The regular HMM formulation needs a key assumption to be applicable, namely the data need to be observed at regular, equidistant time-points such that the transition probabilties can be interpreted meaningfully w.r.t. a specific time unit. If this is not the case, the model used should acocunt for this by building on a mathematical formulation in continuous time. The obvious choice here is to retain most of the HMM model formulation, but replace the unobserved discrete-time Markov chain with a continuous-time Markov chain. However, here it is important to note that the so-called snapshot property needs to be fulfilled, i.e. the observed process at time \(t\) can only depend on the state at that time instant and not on the interval since the previous observation. For more details see Glennie et al. (2023).
A continuous-time Markov chain is characterised by a so-called (infinitesimal) generator matrix \[ Q = \begin{pmatrix} q_{11} & q_{12} & \cdots & q_{1N} \\ q_{21} & q_{22} & \cdots & q_{2N} \\ \vdots & \vdots & \ddots & \vdots \\ q_{N1} & q_{N2} & \cdots & q_{NN} \\ \end{pmatrix}, \] where the diagonal entries are \(q_{ii} = - \sum_{j \neq i} q_{ij}\), \(q_{ij} \geq 0\) for \(i \neq j\). This matrix can be interpreted as the derivative of the transition probability matrix and completely describes the dynamics of the state process. The time-spent in a state \(i\) is exponentially distributed with rate \(-q_{ii}\) and conditional on leaving the state, the probability to transition to a state \(j \neq i\) is \(\omega_{ij} = q_{ij} / -q_{ii}\). For a more detailed introduction see Dobrow (2016) (pp. 265 f.). For observation times \(t_1\) and \(t_2\), we can then obtain the transition probability matrix between these points via the identity \[ \Gamma(t_1, t_2) = \exp(Q (t_2 - t_1)), \] where \(\exp()\) is the matrix expoential.

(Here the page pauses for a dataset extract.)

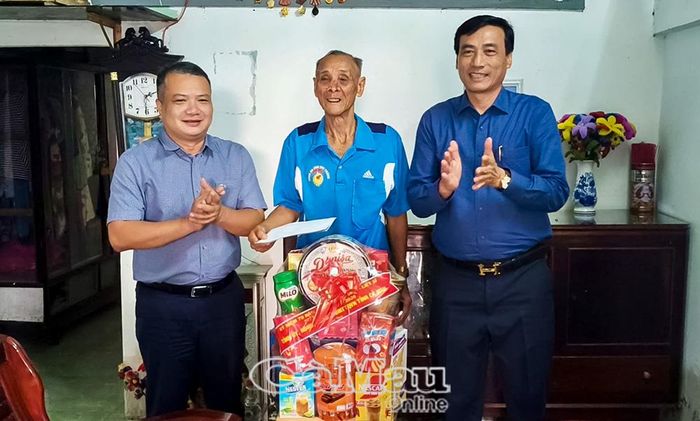 Chánh Văn phòng Tỉnh ủy Lê Tuấn Hải (bìa trái) tặng quà tri ân thương binh Lâm Quốc Chiến, ấp Cái Tràm A1.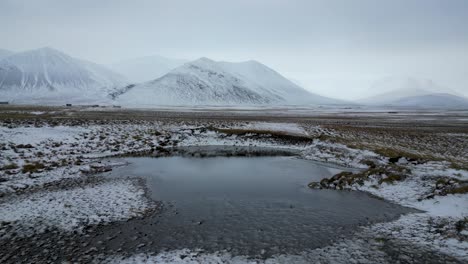 Lake-in-Iceland-Countryside-with-Majestic-Snow-Capped-Mountain-Backdrop,-Aerial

This follows from the so-called Kolmogorov forward equations, but for more details see Dobrow (2016).
We start by setting parameters to simulate data. In this example, state 1 has a smaller rate and the state dwell time in state one follows and \(Exp(0.5)\) distribution, i.e. it exhibits longer dwell times than state 2 with rate 1.
We simulate the continuous-time Markov chain by drawing the exponentially distributed state dwell-times. Within a stay, we can assume whatever structure we like for the observation times, as these are not explicitly modeled. Here we choose to generate them by a Poisson process with rate \(\lambda=1\), but this choice is arbitrary. For more details on Poisson point processes, see the MM(M)PP vignette.
set.seed(123)
k = 200 # number of state switches
trans_times = s = rep(NA, k) # time points where the chain transitions
s[1] = sample(1:2, 1) # initial distribuion c(0.5, 0.5)
# exponentially distributed waiting times
trans_times[1] = rexp(1, -Q[s[1],s[1]])
n_arrivals = rpois(1, trans_times[1])
obs_times = sort(runif(n_arrivals, 0, trans_times[1]))
x = rnorm(n_arrivals, mu[s[1]], sigma[s[1]])
for(t in 2:k){
s[t] = c(1,2)[-s[t-1]] # for 2-states, always a state swith when transitioning
# exponentially distributed waiting times
trans_times[t] = trans_times[t-1] + rexp(1, -Q[s[t], s[t]])
n_arrivals = rpois(1, trans_times[t]-trans_times[t-1])
obs_times = c(obs_times,
sort(runif(n_arrivals, trans_times[t-1], trans_times[t])))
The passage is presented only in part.